Come in Italia, le capanne sono di proprietà delle diverse sezioni del Club Alpino. Ed è su queste entità che ricadono i costi per la ristrutturazione o la ricostruzione integrale della struttura, cui si aggiunge un contributo che oscilla tra il 30% e il 40% da parte del Fondo capanne gestito dalla sede centrale de Cas. Nei prossimi anni, una delle sfide più importanti sarà individuare la gravità del problema e garantire la sicurezza delle strutture rispetto a frane o al cedimento del terreno. Vari rifugi d’alta quota, infatti, poggiano potenzialmente sul permafrost (termine che deriva dall’inglese perennially frozen ground): un geo-materiale composto da suolo, detriti o roccia ghiacciati a una temperatura uguale o inferiore allo zero per due o più anni consecutivi.

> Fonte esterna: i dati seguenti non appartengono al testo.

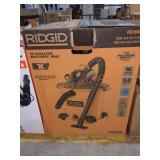 Ridgid 16 Gallon Wet Dry Vac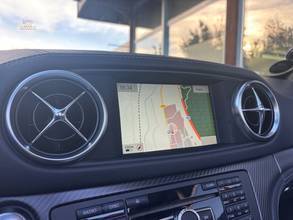 Thumbnail von Mercedes-Benz SL 500 Mille Miglia 417 limited edition German AMG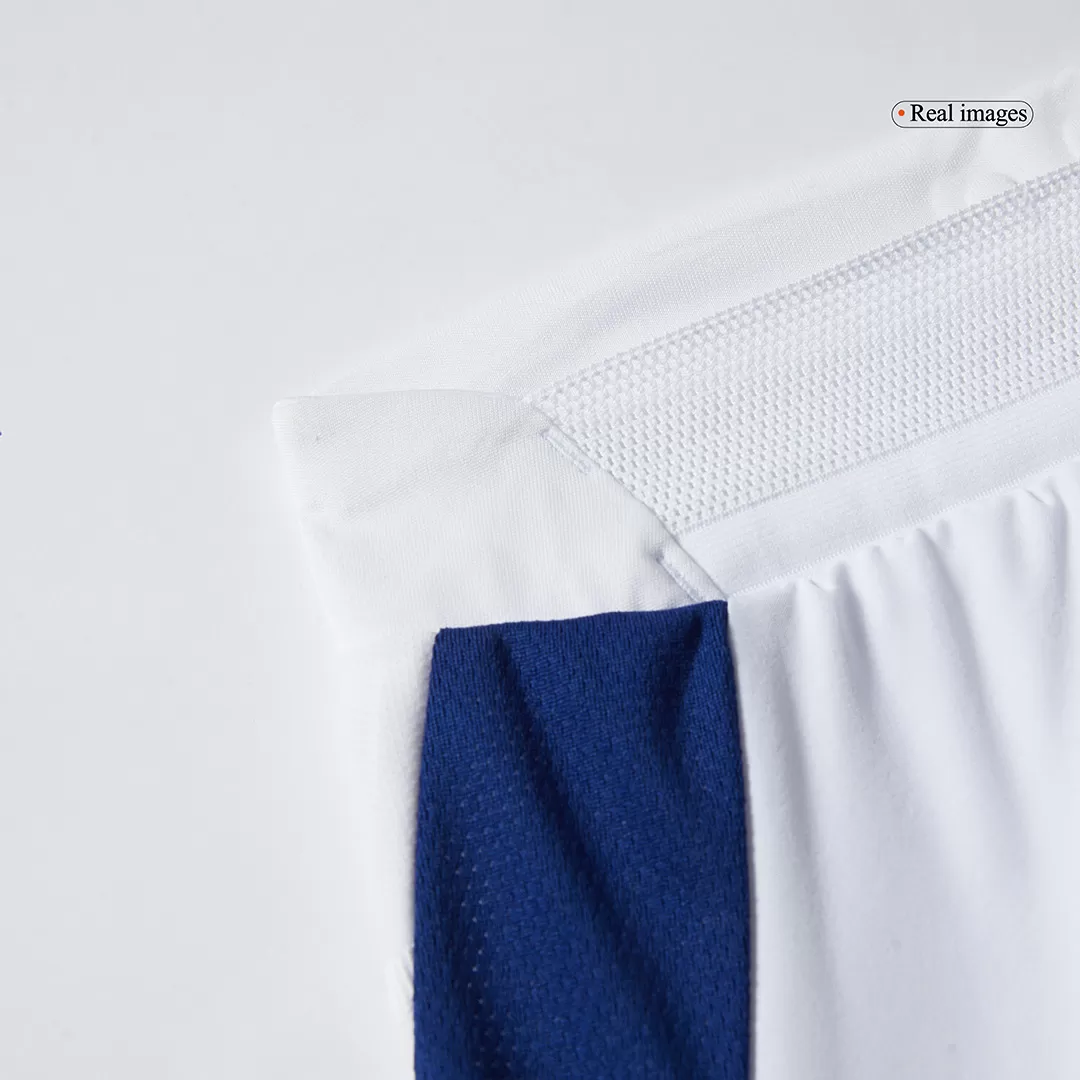 Arsenal Home Authentic Soccer Shorts - Image 4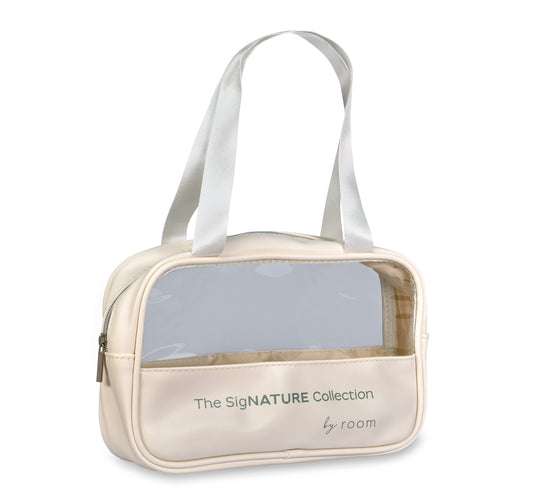 The SigNATURE Toiletry Bag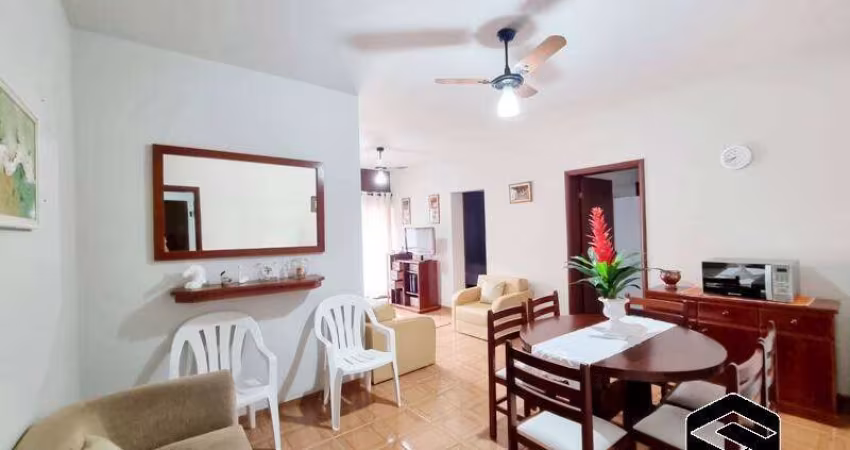 01 DORMITÓRIO, COM LAZER E PORTARIA 24 HORAS!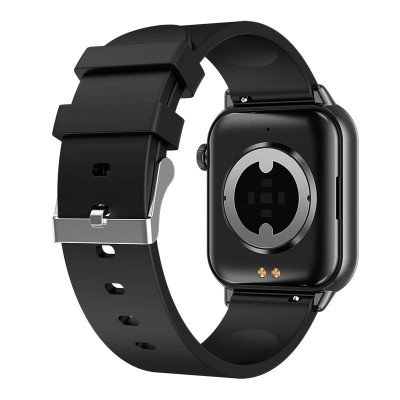 跨境ZW64新款智能手表AMOLED屏蓝牙通话健康轻薄手表Smart watch图4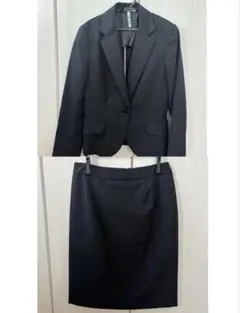 スーツセレクトSサイズスカートスーツセット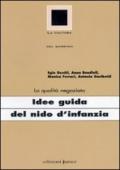 La qualità negoziata. Idee guida del nido d'infanzia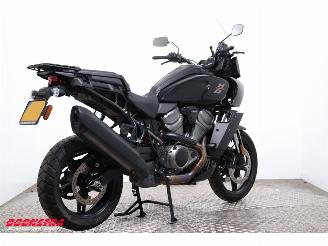 Harley-Davidson  RA1250 Pan America ABS LED Cruise Bluetooth 11.859 km! picture 3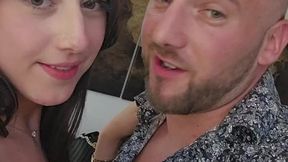 Un couple m'a contact� pour baisers madame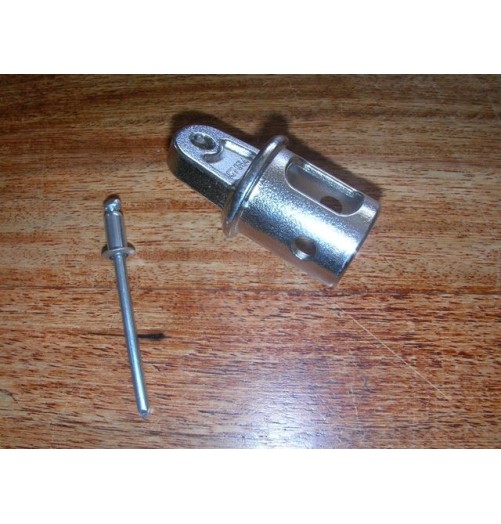 Topper GNAV Strut End Assy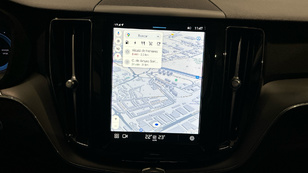 Volvo XC60 T6 Recharge Core AWD Auto 257 kW (350 CV) - 13 Volvo XC60 T6 Ocasión 257 KW (350CV) - 13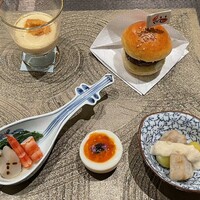 かにじぇんぬ 北新地 - 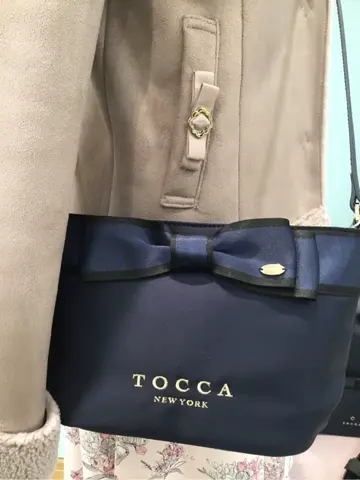 TOCCA ｋｉｍ コーディネート画像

Quando la temperatura sale il permafrost si degrada, mettendo a rischio la stabilità degli edifici. Di fronte a queste situazioni – che mettono a serio rischio la sicurezza non solo delle strutture, ma soprattutto quella di chi le vive e le frequenta – le opzioni possibili sono multiple: la stabilizzazione delle fondazioni (molto complessa), la chiusura e l’abbandono dei singoli rifugi in pericolo o la loro ricostruzione. Con costi che però sono molto elevati. «Nel medio periodo il Fondo capanne probabilmente non potrà più coprire questi investimenti– riflette Ulrich Delang –. Sarà quindi necessaria una discussione su quali misure adottare: abbassare i costi, ad esempio riducendo il numero di rifugi che vengono sostenuti ogni anno, oppure aumentare gli introiti. Ad esempio, aumentando i prezzi di chi pernotta». Il cambiamento climatico rende più difficile per alcuni rifugi l’approvvigionamento idrico: in alta quota l’acqua arriva spesso direttamente dai ghiacciai che si ritirano o da fonti sotterranee sempre più difficili da raggiungere. Gli interventi, in questi casi, sono meno onerosi ma riguardano moltissime capanne e i costi, di conseguenza, crescono: «Solo pochi anni fa pensavamo che questo problema riguardasse una struttura su cinque. Ma ora il problema si è aggravato e il loro numero è aumentato», spiega Delang.